• **TASK ITEM**
Copy the complete listing word for word, but do not carry over any images.

• **DATASET CONTENT**
▼

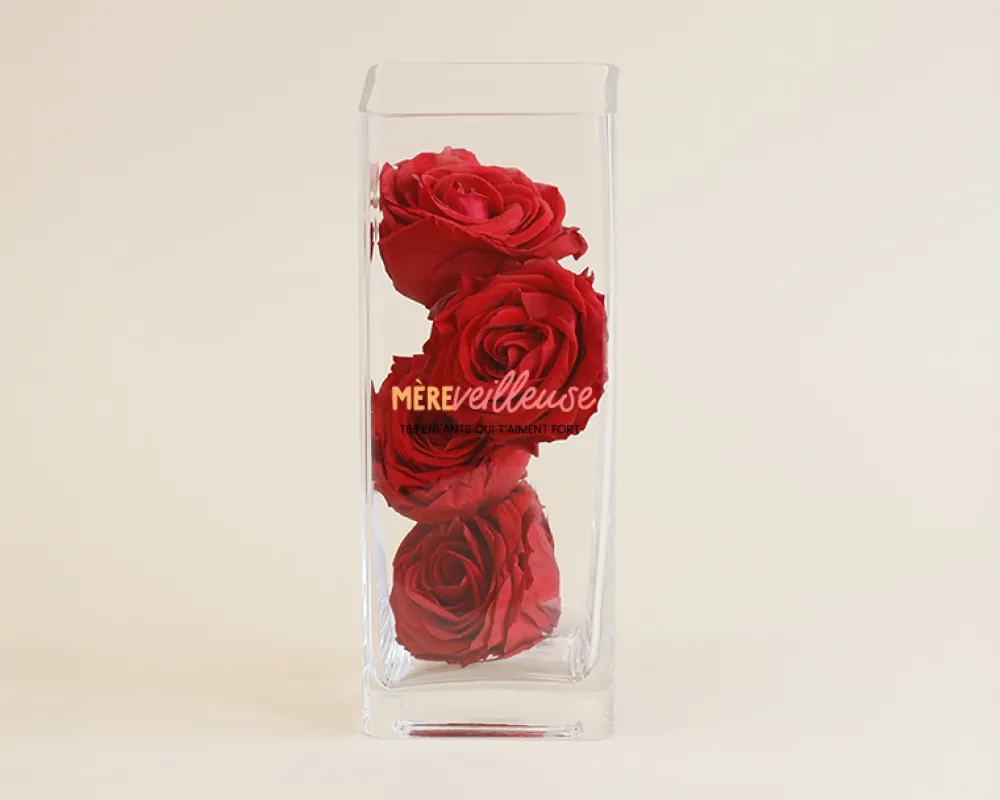 Vase personnalisé cubique - Mère-veilleuse|Cadeaux.com Clearance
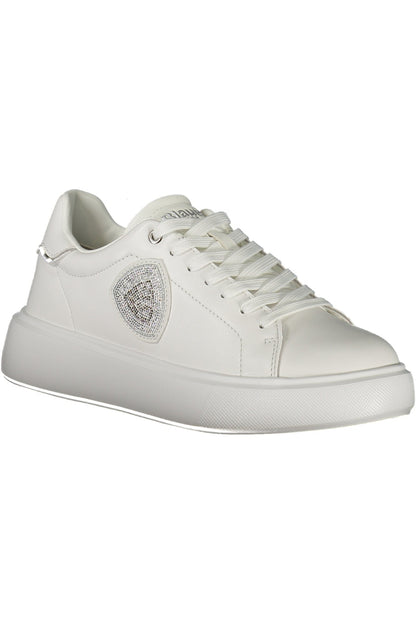 BLAUWE SPORTSCHOENEN DAMES WIT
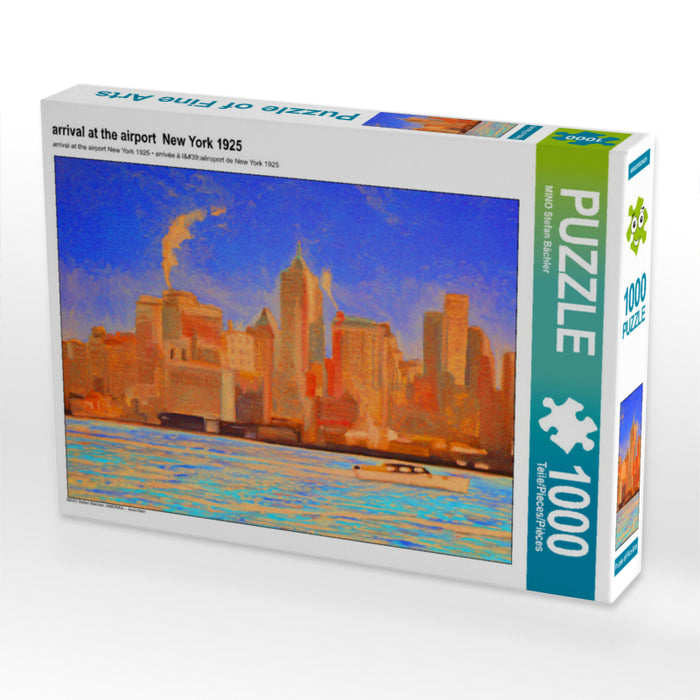 arrival at the airport  New York 1925 1000 Teile Puzzle quer - CALVENDO Foto-Puzzle'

▲

• **TASK SOLUTION**
 Vase personnalisé cubique - Mère-veilleuse|Cadeaux.com Clearance
 BLAUWE SPORTSCHOENEN DAMES WIT
 arrival at the airport  New York 1925 1000 Teile Puzzle quer - CALVENDO Foto-Puzzle'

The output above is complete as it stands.